What needs to be done: With both ends included, repeat exactly the lines of the entries below from the one containing "dry good vendor" down to the one containing "Notebook Asus Zenbook", and no others.

____ Data listing

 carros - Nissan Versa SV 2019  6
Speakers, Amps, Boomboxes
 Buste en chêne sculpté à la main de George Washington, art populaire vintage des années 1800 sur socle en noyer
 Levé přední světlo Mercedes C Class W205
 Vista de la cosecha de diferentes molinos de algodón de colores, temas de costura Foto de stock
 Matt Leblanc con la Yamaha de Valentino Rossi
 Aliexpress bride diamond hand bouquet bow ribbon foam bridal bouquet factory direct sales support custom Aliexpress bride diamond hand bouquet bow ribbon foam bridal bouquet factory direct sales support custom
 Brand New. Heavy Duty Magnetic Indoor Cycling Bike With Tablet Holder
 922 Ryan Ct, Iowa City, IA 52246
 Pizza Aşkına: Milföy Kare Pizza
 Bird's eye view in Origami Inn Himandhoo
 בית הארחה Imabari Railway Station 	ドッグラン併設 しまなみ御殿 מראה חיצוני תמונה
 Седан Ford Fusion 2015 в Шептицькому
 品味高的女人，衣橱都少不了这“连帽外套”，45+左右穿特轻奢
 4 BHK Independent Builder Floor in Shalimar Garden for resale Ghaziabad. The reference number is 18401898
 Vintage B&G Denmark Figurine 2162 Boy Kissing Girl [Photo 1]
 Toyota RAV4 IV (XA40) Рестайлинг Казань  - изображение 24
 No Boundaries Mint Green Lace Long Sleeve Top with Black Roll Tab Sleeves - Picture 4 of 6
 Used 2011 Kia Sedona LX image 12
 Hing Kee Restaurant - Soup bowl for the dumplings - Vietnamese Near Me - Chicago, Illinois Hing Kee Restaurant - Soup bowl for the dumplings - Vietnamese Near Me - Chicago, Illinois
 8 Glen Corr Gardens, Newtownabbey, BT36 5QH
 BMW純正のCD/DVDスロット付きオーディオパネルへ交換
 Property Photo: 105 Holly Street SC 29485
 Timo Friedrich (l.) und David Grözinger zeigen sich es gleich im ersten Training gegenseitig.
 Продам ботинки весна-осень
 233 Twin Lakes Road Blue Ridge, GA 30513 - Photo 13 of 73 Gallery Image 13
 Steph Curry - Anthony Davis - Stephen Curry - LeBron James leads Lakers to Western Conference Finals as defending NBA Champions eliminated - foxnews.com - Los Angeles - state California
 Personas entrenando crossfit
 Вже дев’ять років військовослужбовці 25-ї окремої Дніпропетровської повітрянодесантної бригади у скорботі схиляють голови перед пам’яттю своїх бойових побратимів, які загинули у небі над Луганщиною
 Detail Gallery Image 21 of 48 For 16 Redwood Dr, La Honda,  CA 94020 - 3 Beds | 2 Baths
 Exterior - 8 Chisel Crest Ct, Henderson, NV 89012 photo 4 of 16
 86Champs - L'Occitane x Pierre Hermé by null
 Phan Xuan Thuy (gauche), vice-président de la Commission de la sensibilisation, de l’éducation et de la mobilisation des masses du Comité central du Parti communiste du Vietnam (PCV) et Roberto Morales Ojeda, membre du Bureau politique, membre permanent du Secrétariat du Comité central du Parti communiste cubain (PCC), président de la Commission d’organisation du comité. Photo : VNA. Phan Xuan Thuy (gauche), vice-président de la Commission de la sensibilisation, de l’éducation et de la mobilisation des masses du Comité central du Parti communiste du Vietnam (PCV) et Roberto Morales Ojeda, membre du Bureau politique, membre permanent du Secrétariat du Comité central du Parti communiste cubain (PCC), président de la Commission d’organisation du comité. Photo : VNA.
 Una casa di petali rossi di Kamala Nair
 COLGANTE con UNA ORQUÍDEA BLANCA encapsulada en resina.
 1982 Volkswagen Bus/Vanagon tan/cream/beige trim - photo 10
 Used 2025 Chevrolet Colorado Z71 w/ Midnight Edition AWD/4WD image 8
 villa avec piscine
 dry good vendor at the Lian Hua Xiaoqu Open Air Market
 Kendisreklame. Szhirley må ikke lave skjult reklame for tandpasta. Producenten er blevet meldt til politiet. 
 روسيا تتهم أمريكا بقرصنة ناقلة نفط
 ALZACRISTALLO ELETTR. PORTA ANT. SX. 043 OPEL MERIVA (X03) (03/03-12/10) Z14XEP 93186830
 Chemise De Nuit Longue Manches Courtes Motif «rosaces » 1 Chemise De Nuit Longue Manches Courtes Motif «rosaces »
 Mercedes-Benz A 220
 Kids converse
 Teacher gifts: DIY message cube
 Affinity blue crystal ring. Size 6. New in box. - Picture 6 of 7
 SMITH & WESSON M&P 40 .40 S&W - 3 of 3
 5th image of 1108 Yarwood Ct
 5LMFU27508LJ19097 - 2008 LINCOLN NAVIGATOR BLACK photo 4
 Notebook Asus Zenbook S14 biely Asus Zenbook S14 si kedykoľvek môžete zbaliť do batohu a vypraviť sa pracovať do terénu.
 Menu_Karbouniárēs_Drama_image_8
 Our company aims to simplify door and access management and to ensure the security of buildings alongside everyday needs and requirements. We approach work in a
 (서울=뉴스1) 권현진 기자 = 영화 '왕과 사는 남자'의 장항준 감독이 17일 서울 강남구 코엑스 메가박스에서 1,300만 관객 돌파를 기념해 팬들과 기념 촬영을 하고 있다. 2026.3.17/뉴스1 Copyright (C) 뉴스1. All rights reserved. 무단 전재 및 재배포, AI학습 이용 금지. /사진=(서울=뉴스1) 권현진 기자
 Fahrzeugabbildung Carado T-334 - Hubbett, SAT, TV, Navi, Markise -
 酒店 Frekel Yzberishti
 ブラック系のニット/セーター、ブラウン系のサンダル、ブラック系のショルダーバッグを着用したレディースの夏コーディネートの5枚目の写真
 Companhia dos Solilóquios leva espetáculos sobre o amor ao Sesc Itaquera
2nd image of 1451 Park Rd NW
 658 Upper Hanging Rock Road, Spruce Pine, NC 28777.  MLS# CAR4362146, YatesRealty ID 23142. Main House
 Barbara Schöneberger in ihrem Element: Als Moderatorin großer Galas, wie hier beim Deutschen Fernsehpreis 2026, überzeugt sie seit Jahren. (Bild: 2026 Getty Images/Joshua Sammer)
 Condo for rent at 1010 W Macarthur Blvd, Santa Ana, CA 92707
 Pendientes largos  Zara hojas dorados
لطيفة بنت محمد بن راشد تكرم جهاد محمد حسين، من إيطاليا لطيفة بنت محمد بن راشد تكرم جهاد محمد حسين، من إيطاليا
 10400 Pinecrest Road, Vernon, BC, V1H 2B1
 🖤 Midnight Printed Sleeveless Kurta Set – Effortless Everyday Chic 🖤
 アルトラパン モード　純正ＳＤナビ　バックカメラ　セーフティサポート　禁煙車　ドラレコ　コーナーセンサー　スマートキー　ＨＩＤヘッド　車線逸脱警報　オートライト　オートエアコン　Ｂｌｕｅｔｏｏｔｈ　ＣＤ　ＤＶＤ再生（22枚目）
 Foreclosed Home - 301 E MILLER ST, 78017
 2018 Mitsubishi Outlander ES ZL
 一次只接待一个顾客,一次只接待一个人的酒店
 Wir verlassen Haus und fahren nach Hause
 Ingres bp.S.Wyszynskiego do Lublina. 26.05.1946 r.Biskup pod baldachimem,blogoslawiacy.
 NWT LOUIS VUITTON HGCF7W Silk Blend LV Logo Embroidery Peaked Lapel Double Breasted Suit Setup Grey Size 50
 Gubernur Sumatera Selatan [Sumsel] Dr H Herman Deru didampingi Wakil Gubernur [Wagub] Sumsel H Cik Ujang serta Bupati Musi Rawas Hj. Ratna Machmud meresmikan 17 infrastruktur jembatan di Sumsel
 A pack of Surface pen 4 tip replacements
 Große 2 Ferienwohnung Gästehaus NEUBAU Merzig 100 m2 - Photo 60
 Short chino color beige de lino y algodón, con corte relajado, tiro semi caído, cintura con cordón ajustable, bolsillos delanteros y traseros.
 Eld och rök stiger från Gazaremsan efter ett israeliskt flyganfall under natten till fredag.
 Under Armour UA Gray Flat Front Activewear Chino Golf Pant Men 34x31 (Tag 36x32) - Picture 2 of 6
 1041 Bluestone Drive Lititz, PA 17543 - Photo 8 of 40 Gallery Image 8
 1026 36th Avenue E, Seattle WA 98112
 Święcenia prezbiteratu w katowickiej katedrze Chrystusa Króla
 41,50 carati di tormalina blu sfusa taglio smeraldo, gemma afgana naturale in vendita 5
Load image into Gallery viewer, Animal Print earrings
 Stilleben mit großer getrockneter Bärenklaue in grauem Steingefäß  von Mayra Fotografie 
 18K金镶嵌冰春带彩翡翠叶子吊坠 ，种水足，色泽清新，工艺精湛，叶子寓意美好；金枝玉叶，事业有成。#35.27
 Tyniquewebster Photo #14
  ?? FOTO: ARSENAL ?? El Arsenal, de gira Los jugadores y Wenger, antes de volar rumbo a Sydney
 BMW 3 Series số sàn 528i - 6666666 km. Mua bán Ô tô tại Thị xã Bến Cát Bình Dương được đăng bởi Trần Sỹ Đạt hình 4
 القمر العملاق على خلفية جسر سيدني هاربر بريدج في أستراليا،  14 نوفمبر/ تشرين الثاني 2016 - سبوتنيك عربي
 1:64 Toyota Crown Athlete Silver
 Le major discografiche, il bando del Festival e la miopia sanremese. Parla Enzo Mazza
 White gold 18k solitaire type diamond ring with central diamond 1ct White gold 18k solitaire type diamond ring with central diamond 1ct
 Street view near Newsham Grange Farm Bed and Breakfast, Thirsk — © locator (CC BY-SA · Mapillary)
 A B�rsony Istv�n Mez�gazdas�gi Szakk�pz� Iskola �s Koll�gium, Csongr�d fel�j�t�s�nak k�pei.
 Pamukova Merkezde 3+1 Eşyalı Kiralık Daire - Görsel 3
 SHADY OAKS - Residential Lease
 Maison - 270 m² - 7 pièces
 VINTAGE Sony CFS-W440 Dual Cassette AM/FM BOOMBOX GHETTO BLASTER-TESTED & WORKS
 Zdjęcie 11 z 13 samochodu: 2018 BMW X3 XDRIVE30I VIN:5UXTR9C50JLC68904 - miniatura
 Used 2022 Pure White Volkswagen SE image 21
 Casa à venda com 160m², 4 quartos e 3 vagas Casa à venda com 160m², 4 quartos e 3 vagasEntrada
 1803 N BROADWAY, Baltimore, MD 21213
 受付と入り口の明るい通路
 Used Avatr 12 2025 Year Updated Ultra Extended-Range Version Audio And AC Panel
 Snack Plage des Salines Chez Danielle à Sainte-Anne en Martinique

________

Exercise response:
 dry good vendor at the Lian Hua Xiaoqu Open Air Market
 Kendisreklame. Szhirley må ikke lave skjult reklame for tandpasta. Producenten er blevet meldt til politiet. 
 روسيا تتهم أمريكا بقرصنة ناقلة نفط
 ALZACRISTALLO ELETTR. PORTA ANT. SX. 043 OPEL MERIVA (X03) (03/03-12/10) Z14XEP 93186830
 Chemise De Nuit Longue Manches Courtes Motif «rosaces » 1 Chemise De Nuit Longue Manches Courtes Motif «rosaces »
 Mercedes-Benz A 220
 Kids converse
 Teacher gifts: DIY message cube
 Affinity blue crystal ring. Size 6. New in box. - Picture 6 of 7
 SMITH & WESSON M&P 40 .40 S&W - 3 of 3
 5th image of 1108 Yarwood Ct
 5LMFU27508LJ19097 - 2008 LINCOLN NAVIGATOR BLACK photo 4
 Notebook Asus Zenbook S14 biely Asus Zenbook S14 si kedykoľvek môžete zbaliť do batohu a vypraviť sa pracovať do terénu.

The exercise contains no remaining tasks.